> AVAILABLE DATA
++++++++++

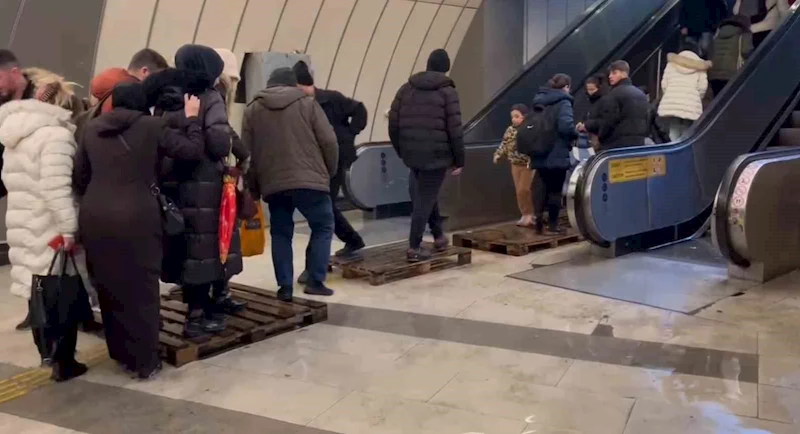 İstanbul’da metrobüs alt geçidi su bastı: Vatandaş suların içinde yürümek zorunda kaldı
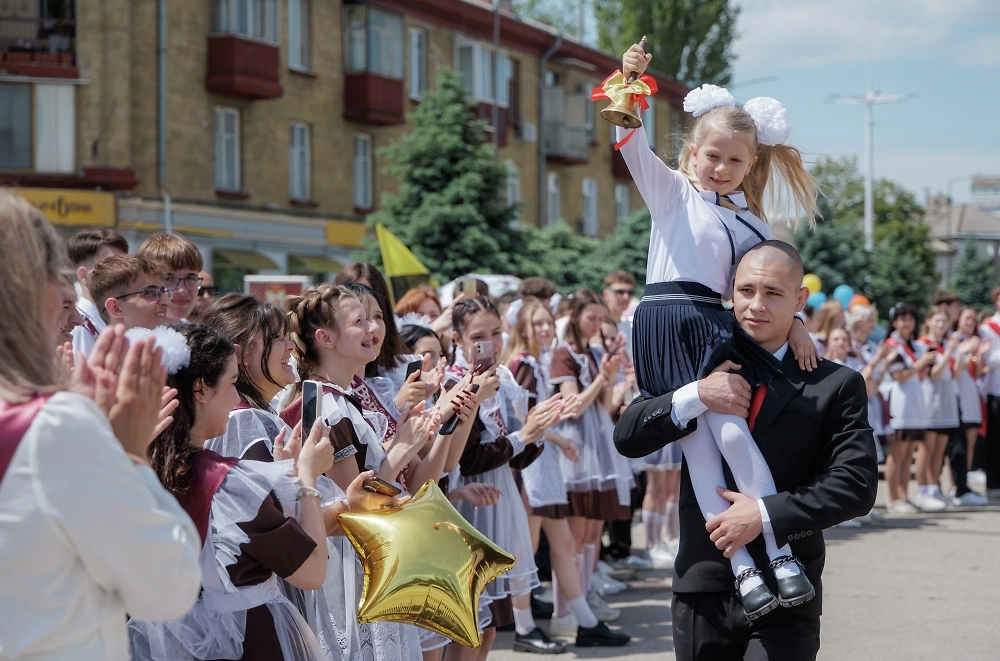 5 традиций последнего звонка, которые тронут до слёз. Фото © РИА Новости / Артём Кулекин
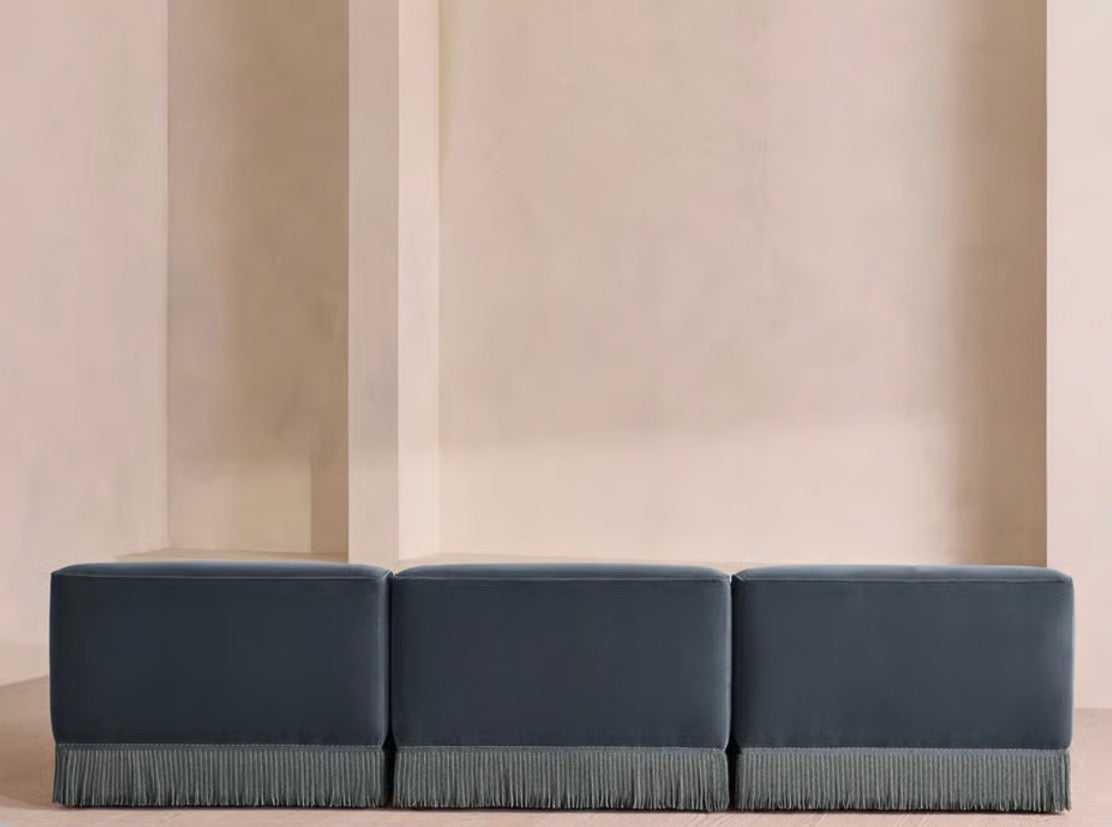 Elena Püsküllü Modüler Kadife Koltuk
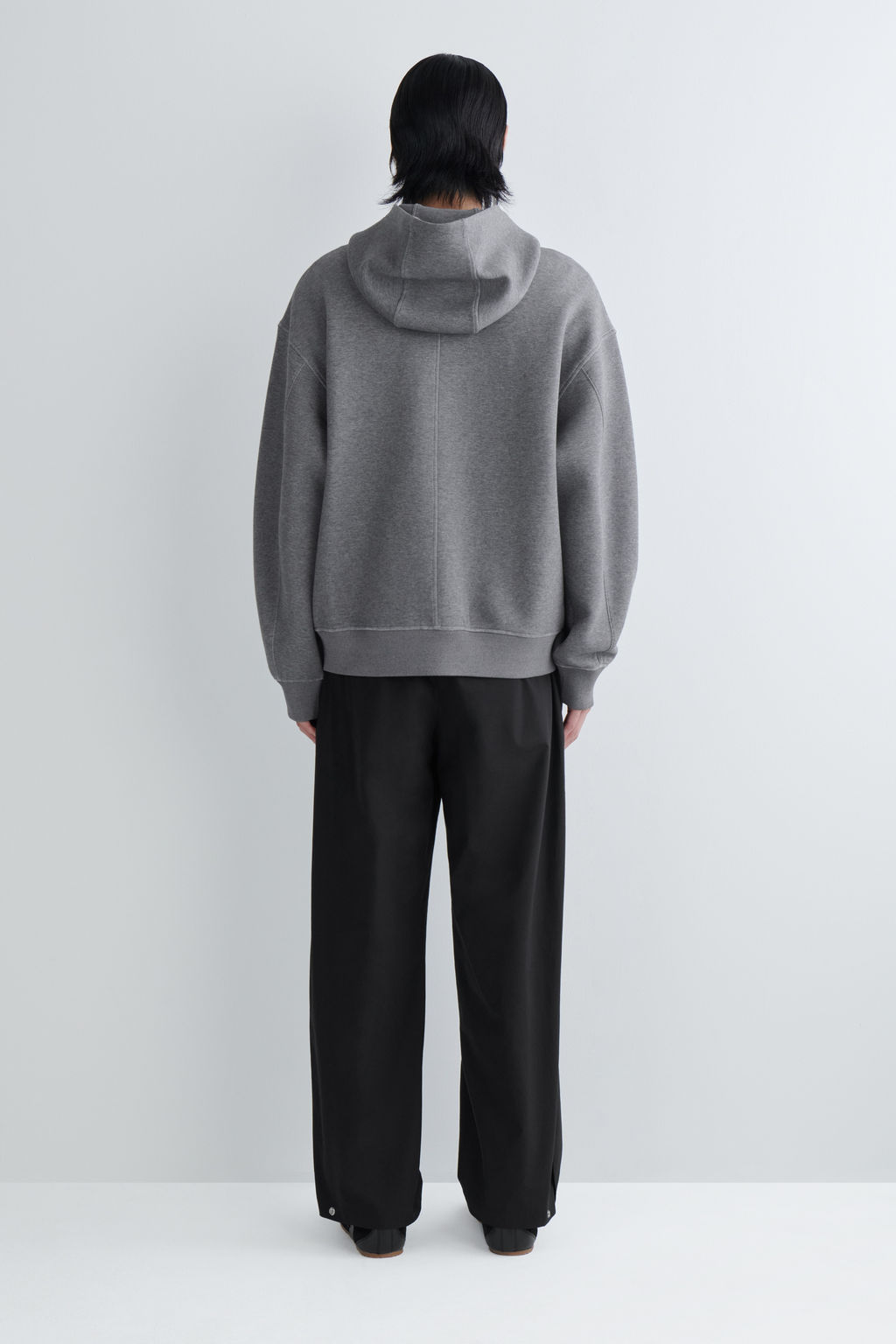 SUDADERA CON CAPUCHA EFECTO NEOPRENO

++++++++++

> EXERCISE GOAL
Make an exact copy of the listing. Do not carry over its pictures.

> WRITTEN REPLY
 İstanbul’da metrobüs alt geçidi su bastı: Vatandaş suların içinde yürümek zorunda kaldı
 5 традиций последнего звонка, которые тронут до слёз. Фото © РИА Новости / Артём Кулекин
 Elena Püsküllü Modüler Kadife Koltuk
 SUDADERA CON CAPUCHA EFECTO NEOPRENO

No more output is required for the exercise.